Chiara stood, quietly pushed her chair back under the table, and left the room. Raffi, who was familiar with his mother’s sense of humour, turned to her, waiting for the one-line remark he was sure would come. Instead, Paola got to her feet and picked up her daughter’s plate. She placed it in the sink, then went into the living room.
Raffi finished his radicchio, resigned himself to the fact that there would be no dessert that night, set his knife and fork neatly parallel on his plate, then took it over to the sink. He went back to his room.
Brunetti returned to this scene half an hour later. Comforted by the scents that filled the entire apartment, he was eager to see his family and talk of things other than violent death. He went into the kitchen and, instead of the family he expected to see eating dessert and eagerly awaiting his return, he found an all-but empty table and dishes stacked in the sink.
He went searching for them in the living room, wondering if there was something interesting on television, impossible as he knew that to be. He found only Paola, lying on the sofa, reading. She looked up when he came in and said, ‘Would you like to eat something, Guido?’
‘Yes, I think I would. But first I’d like a glass of wine and for you to tell me what’s wrong.’ He went back into the kitchen and got a bottle of Falconera and two glasses. He opened the wine, dismissed all the nonsense about leaving it unpoured long enough to breathe, and went back into the living room. He sat down near her feet, set the glasses on the table in front of the sofa, and poured out two large glasses. He leaned towards her and handed her one, then used the same hand to take her left foot. ‘Your feet are cold,’ he said, then pulled a balding old afghan down from the back of the sofa and covered them.
He took a sip large enough to complement the size of the glass and said, ‘All right, what is it?’
‘Chiara complained that you were late, and when I told her it was because someone had been killed, she said that it was only a vu cumprà .’ She kept her voice dispassionate, reportorial.
‘Only?’ he repeated.
‘Only.’
Brunetti took another drink of wine, rested his head on the back of the sofa, and swirled the wine around in his mouth. ‘Hummm,’ he finally said. ‘Not nice at all, is it?’
Though he couldn’t see Paola, he felt the sofa move as she nodded.
‘You think she heard it in school?’ he asked.
‘Where else? She’s too young to be a member of the Lega.’
‘So is it something her friends bring in from their parents, or is it something the teachers give them?’ he asked.

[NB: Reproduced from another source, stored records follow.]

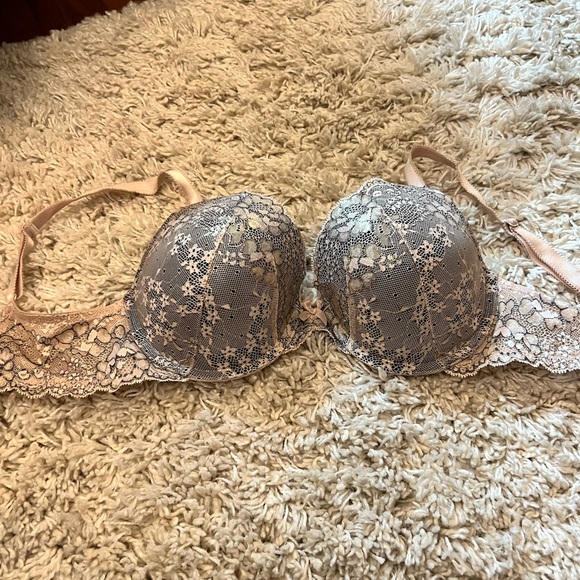 32DD Victoria Secret in excellent condition - Picture 1 of 3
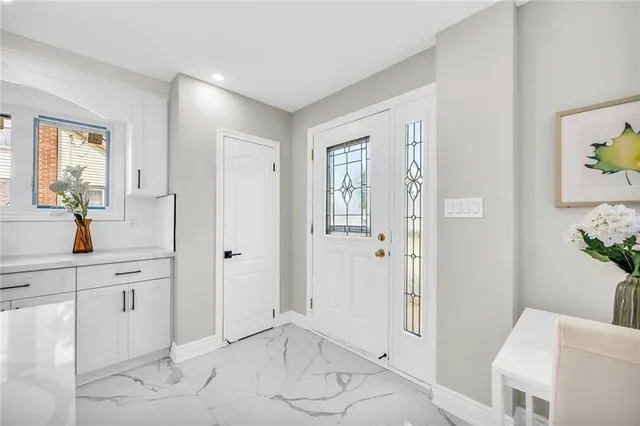 Additional image 36 of 66 HOWE Ave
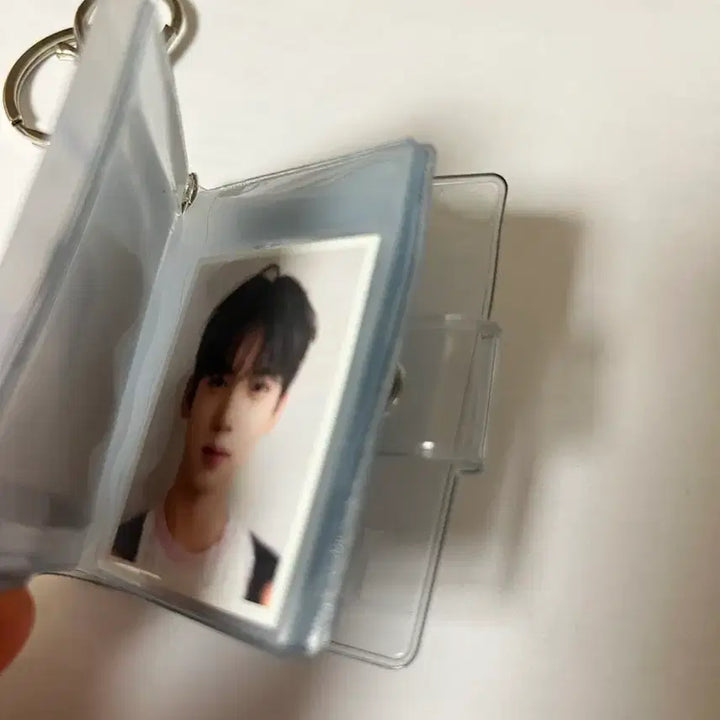 제로베이스원 제베원 한유진 디스패치 키링 증사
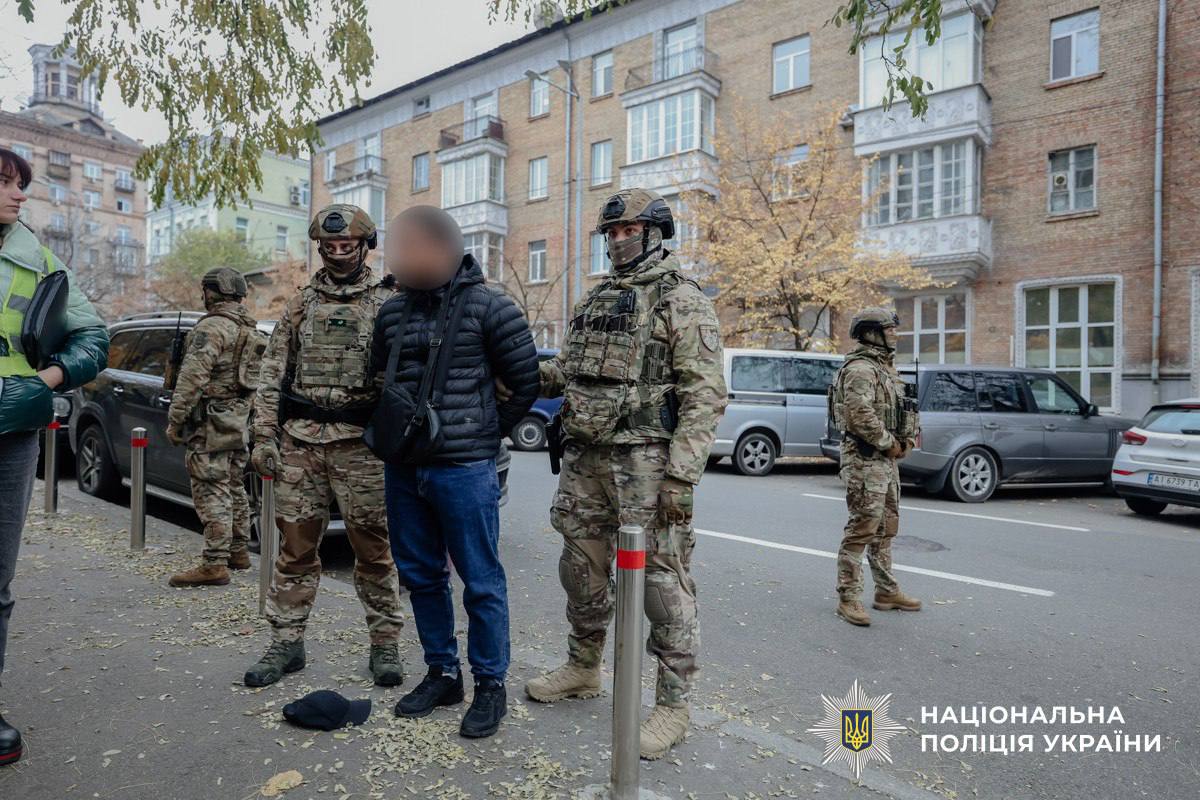 «Працевлаштовували» на керівні посади в Офісі Президента: поліція затримала групу шахраїв - фото 2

‘It could be either, I’m afraid,’ she said. ‘Or both.’
‘I suppose so,’ Brunetti agreed. ‘What did you do?’
‘I told her what she said was disgusting and that I’m ashamed she’s my daughter.’
He turned, smiled, held his glass up and saluted her. ‘Always prone to moderation, aren’t you?’
‘What was I supposed to do, send her to some sort of sensitivity training class or give her a sermon on the brotherhood of man?’ Brunetti heard her rage and disgust rekindle as she went on, ‘It is disgusting, and I am ashamed of her.’
Brunetti was pleased she did not bother to assert that their daughter had never heard such things in their home, that they were in no way responsible for this sort of distortion of mind. Heaven alone knew what was suggested by the conversations he and Paola had in front of the children; no one knew what they could have inferred over all those years. He liked to think he was a moderate person, brought up, like most Italians, without racial prejudice, but he was honest enough to accept that this belief was probably yet another national myth. It is easy to grow up without racial prejudice in a society in which there is only one race.
His father hated Russians, and Brunetti had always thought he did so with good reason, if three years as a prisoner of war is a good reason. For his own part, he had an instinctive distrust of southerners, though it was a feeling that caused him no little discomfort. He was far less troubled by his own distrust of Albanians and of Slavs.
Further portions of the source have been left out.